Daily Bulletin Archive

June 14, 2013

Our High Performance Storage System team reports that HPSS has been exceptionally busy with file transfer requests. The highest levels of activity tend to be between noon and 5 p.m. on weekdays, peaking on Wednesdays. During such periods, HPSS may hit its global transfer limit and, as a result, users are increasingly likely to experience “EIO” errors. These error messages indicate that either the user's individual transfer limit or the global transfer limit has been reached. 

We continue to monitor the system closely and are actively working to identify ways to improve the system’s performance and throughput.

Please see our HPSS documentation for information about the global and individual transfer limits. These web pages may also help you use the system more efficiently:

To provide some perspective, HPSS has seen an average of almost 240 TB of new data stored each week for the past five weeks, reflecting the impact of the Yellowstone system. In comparison, when Bluefire was in production new data stored per week was closer to 50 to 70 TB per week.

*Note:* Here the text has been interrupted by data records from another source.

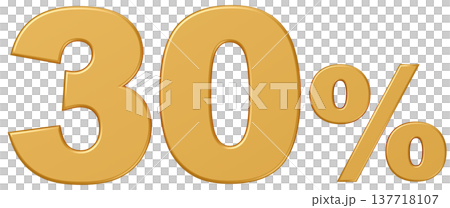 3D素材_数字_30%_メタリック_黄色 3D素材_数字_30%_メタリック_黄色 137718107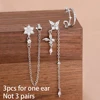Ensemble de 3 paires de boucles d'oreilles de luxe pour femmes, motif fleur, papillon, chaîne à pampilles, en zircon, avec clips d'oreille sans perçage, bijoux de style urbain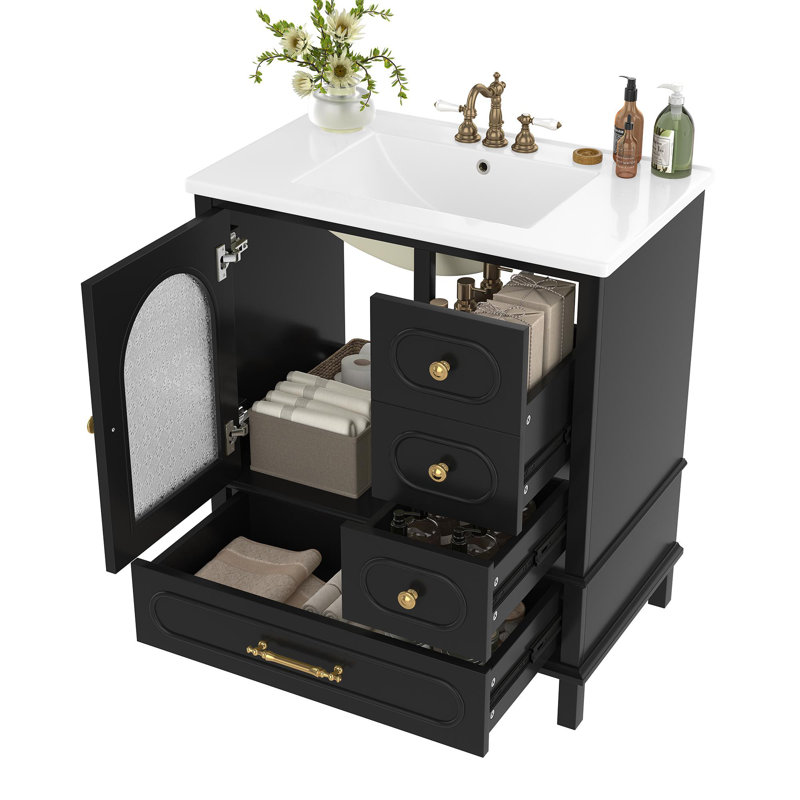 Meuble-lavabo en céramique à quatre tiroirs et deux portes, Noir
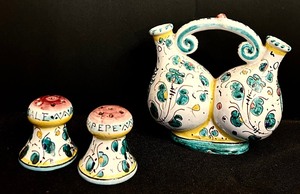 lot 30 image: Vintage Handmade Italian Ceramic OilVinegar Cruet Bottle, Salt and Pepper Shakers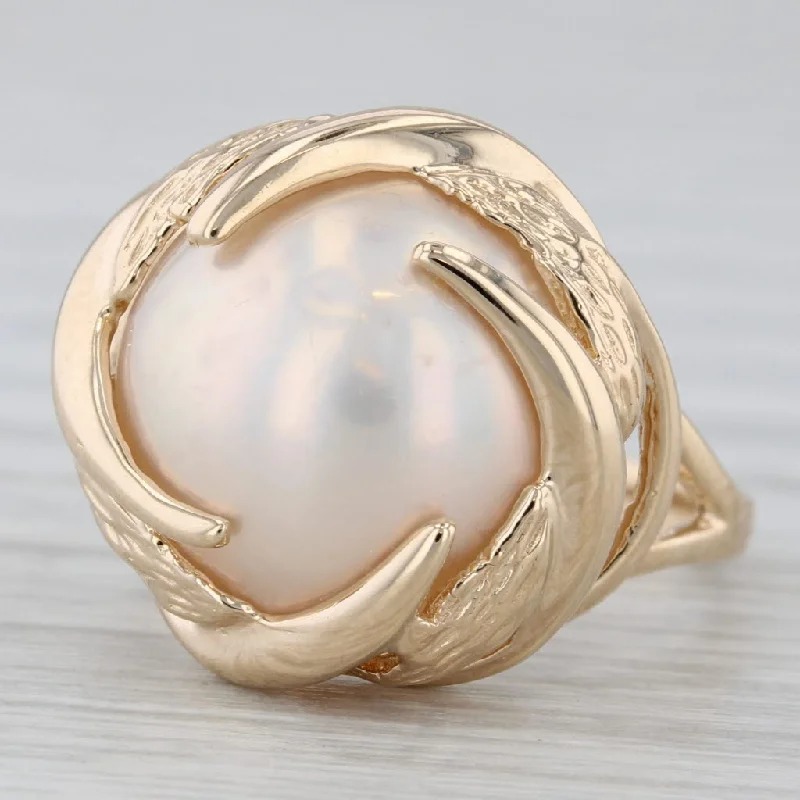 unique engagement rings for women-Cultured Mabe Pearl Solitaire Ring 14k Yellow Gold Size 6.75 Floral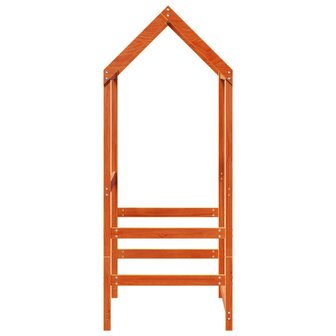 Kinderbedhuisje 108x70x176,5 cm massief grenenhout wasbruin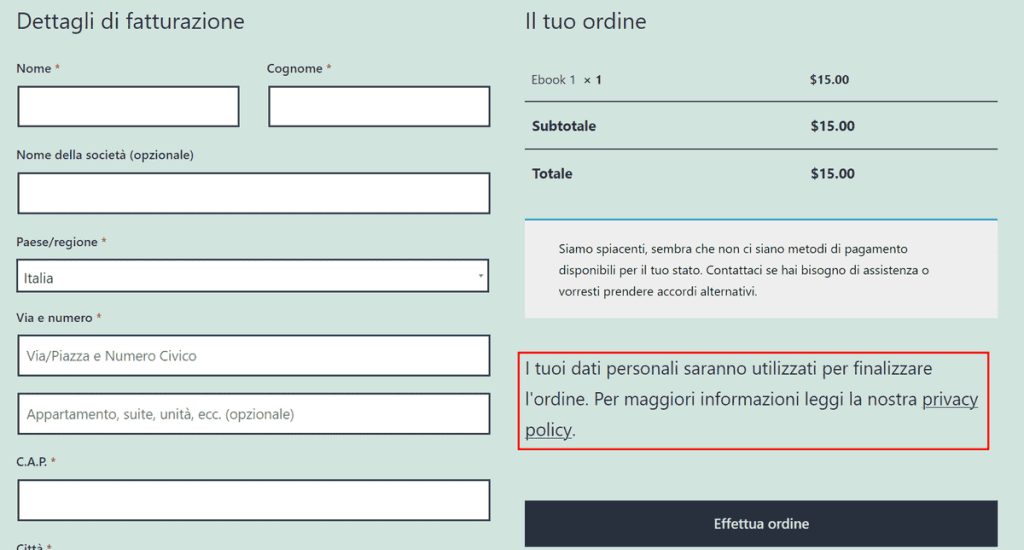 Policy Privacy Woocommerce In Italiano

Thank you for your patience as we continue to monitor HPSS throughput and performance in order to identify ways to balance the system's reliability and usage.

June 6, 2013

To complete a workaround to address the ongoing issues with compilation and the license server, CISL consultants will be updating a number of compiler modules today.

Most users will not notice any impact. However, if you have saved a customized set of modules to load when you log in, you will get an error message regarding a problem with your modules configuration.

This is a known limitation of the current modules software, and affected users will need to re-create their default modules settings according to the instructions at http://www2.cisl.ucar.edu/resources/software/modules, under Customized Environments.

If you have questions, please contact cislhelp@ucar.edu.

June 5, 2013

The series of steps undertaken thus far at Juniper's instruction have not resolved the compilation issues that users have been experiencing on Yellowstone.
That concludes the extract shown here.